The following series of 34 photographs is rather stunning as they document Heyn's visit onboard the German submarine U-28*** off Cadiz. They include pictures of the crew and its captain Wilhelm Ambrosius.
Other photographs are a mixture of Heyn's visit throughout Nationalist Spain, including Tetuan, then the capital of the Spanish protectorate of Morocco.
They are followed by another series of 31 pictures taken on the North front showing various tanks abandoned by the Republicans, burned out and bombed out homes; Bombers being re-armed; Soldiers pausing, hunting and eating, etc..
On the following two leaves have been pasted 21 various documents including four printed propaganda leaflets (1 in German, 1 in French, and 2 in Spanish) inciting the foreigners of the International Brigades, and the Spanish Republicans to surrender.
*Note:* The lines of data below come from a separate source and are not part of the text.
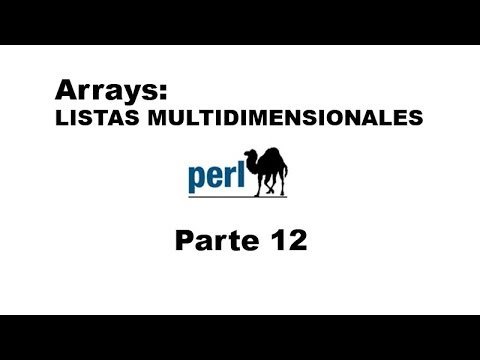 Perl tutorial. Parte 12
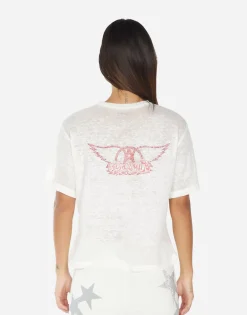 Hot Vintage Aerosmith Women'S T-Shirt | Linnea By Women Short Sleeve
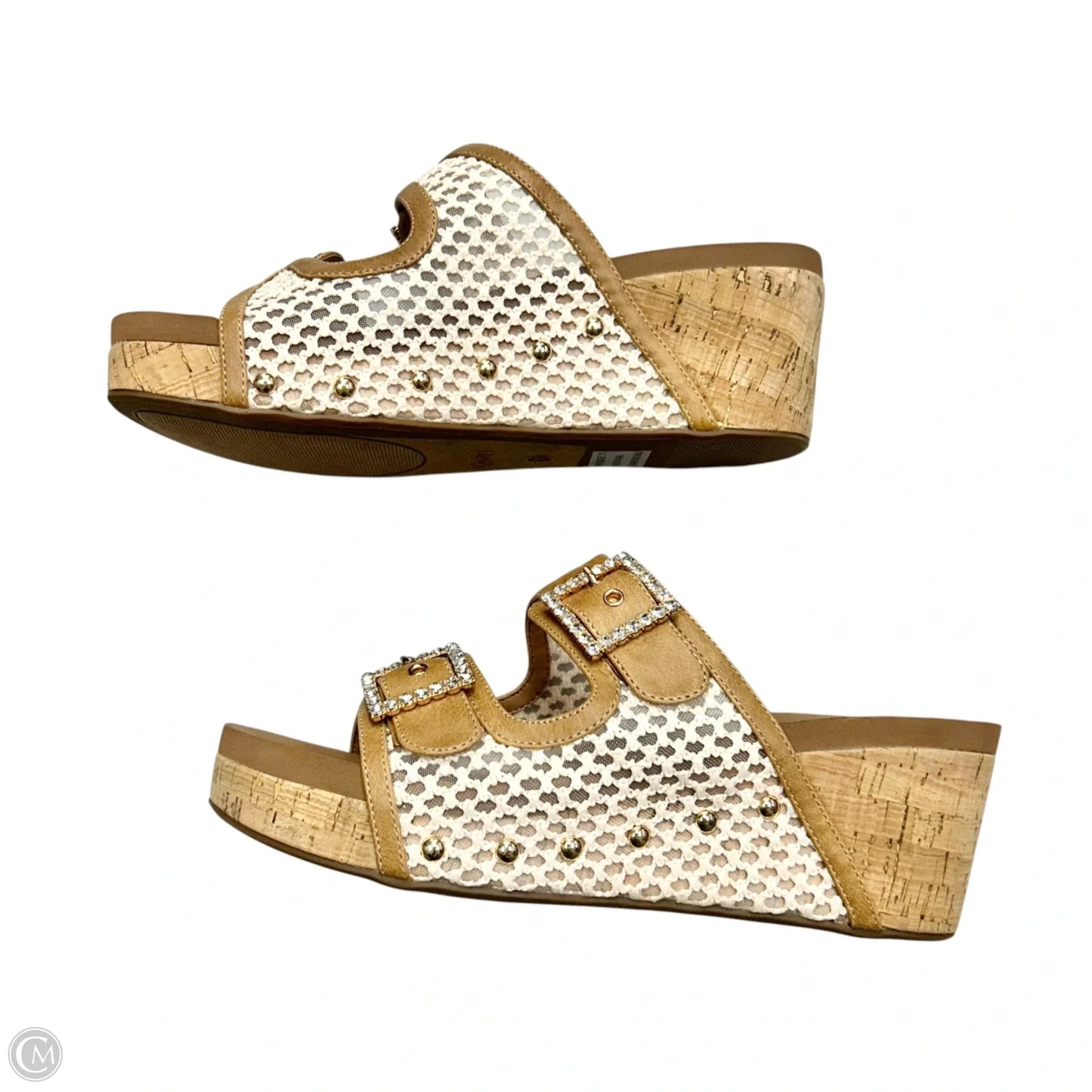 Sandals Heels Wedge By Corkys In Tan, Size: 11
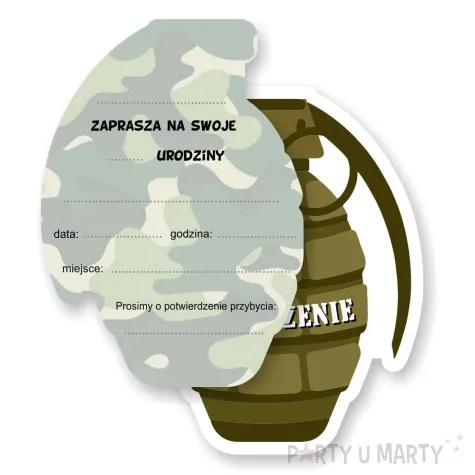 zaproszenia granat moro 14x10 cm 1 szt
Other documents include circulated envelops with pro-Franco stamps, hotel bills, and a hand-signed typed letter instructing a certain Manga Heyn (his wife? Mother?), in Berlin, to follow a series of instructions regarding exchanging correspondence with him. Also includes Heyn's military pass, and an authorization to take pictures.
Pasted onto the following two leaves are 105 stamps from Nationalist Spain, as well as from Spanish and French Morocco.
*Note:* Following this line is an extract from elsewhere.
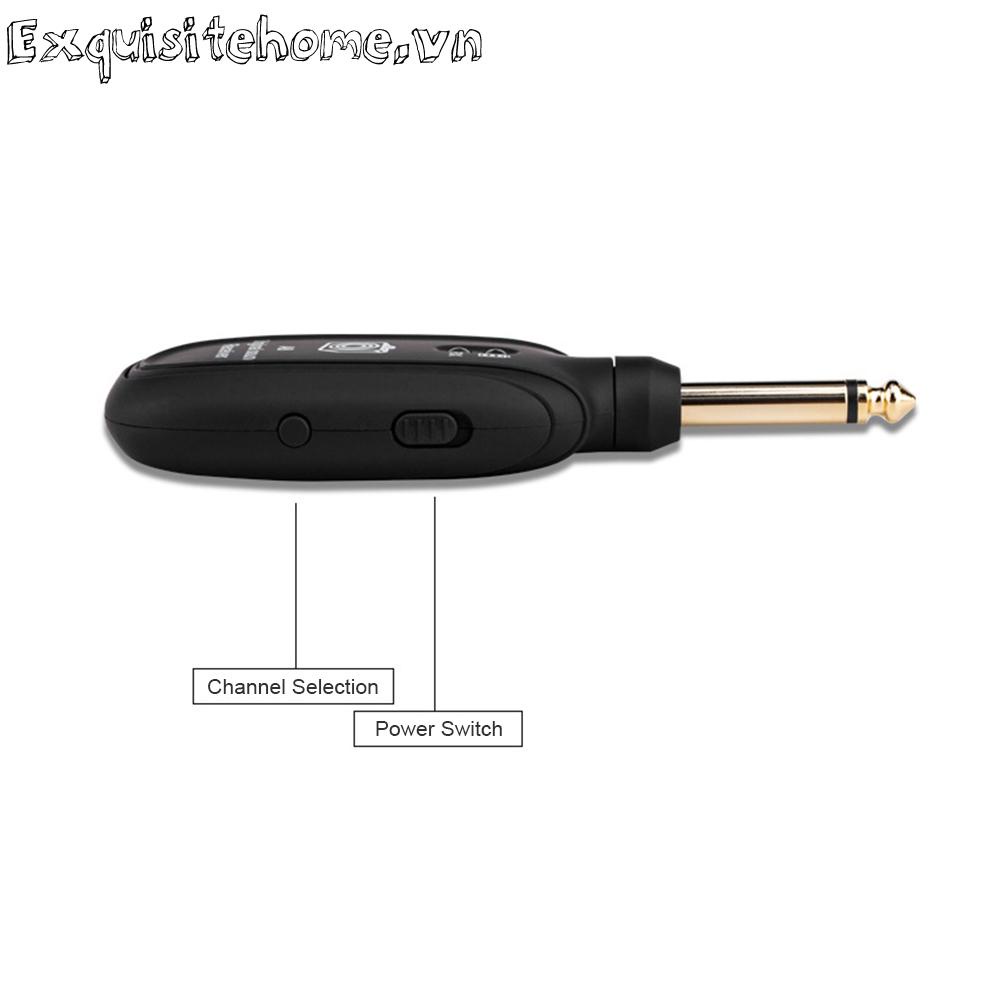 Hệ thống không dây a8 uhf bộ thu phát âm thanh nhận guitar điện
The last photographs contained in this album show 17 views of Rome taken by Heyn while on his way back to Germany, and 27 pictures documenting the victory parade held in Berlin on June 6, 1939, in honor of the Legion Condor.
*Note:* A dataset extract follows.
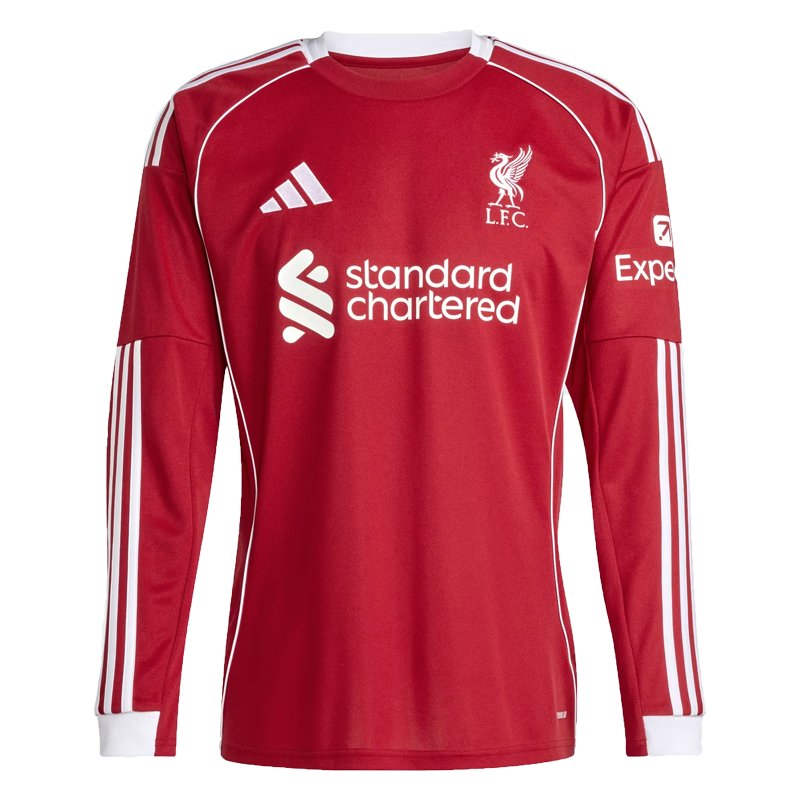 Liverpool Heima Treyja Síðerma 2025/26 - Fullorðins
Captions in German. Album and photographs in very good condition. vg. Item #43439
* The Legion Condor was a unit composed of military personnel from the air force and army of Nazi Germany, which served with the Nationalists during the Spanish Civil War of July 1936 to March 1939. The Legion developed methods of terror bombing which were used widely in the Second World War shortly afterwards. The bombing of Guernica was the most infamous operation carried out by the Legion. Hugo Sperrle commanded the unit's aircraft formations and Wilhelm Ritter von Thoma commanded the ground element.
** The MS St. Louis was a German ocean liner. In 1939, it set off on a voyage in which its captain, Gustav Schröder, tried to find homes for over 900 Jewish refugees from Germany. After they were denied entry to Cuba, the United States, and Canada, the refugees were finally accepted in various European countries, including Belgium, the Netherlands, the UK, and France. Historians have estimated that approximately a quarter of them died in death camps during World War II. The event was the subject of a 1974 book, Voyage of the Damned, by Gordon Thomas and Max Morgan-Witts. It was adapted for a 1976 U.S. film of the same title and a 1994 opera titled "St. Louis Blues" by Chiel Meijering.
*** The submarine U-28 was a Type VIIA U-boat of Nazi Germany's Kriegsmarine during World War II. Her keel was laid down on December 2, 1935, by DeSchiMAG AG Weser of Bremen. She was launched on July 14, 1936, and commissioned into Kriegsmarine on September 12, 1936, with Kapitänleutnant Wilhelm Ambrosius in command. Ambrosius was succeeded by nine other commanding officers over the next eight years. U-28 conducted seven war patrols between September 19, 1939 and November 15, 1940, all under the command of Kapitänleutnant Günter Kuhnke, sinking a total of 13 ships, and damaging two others. After her third patrol, U-28 became a training vessel and was used to bring new U-boat crews up to standard. She was later sunk in an accident on March 17, 1944 and stricken on August 4, 1944.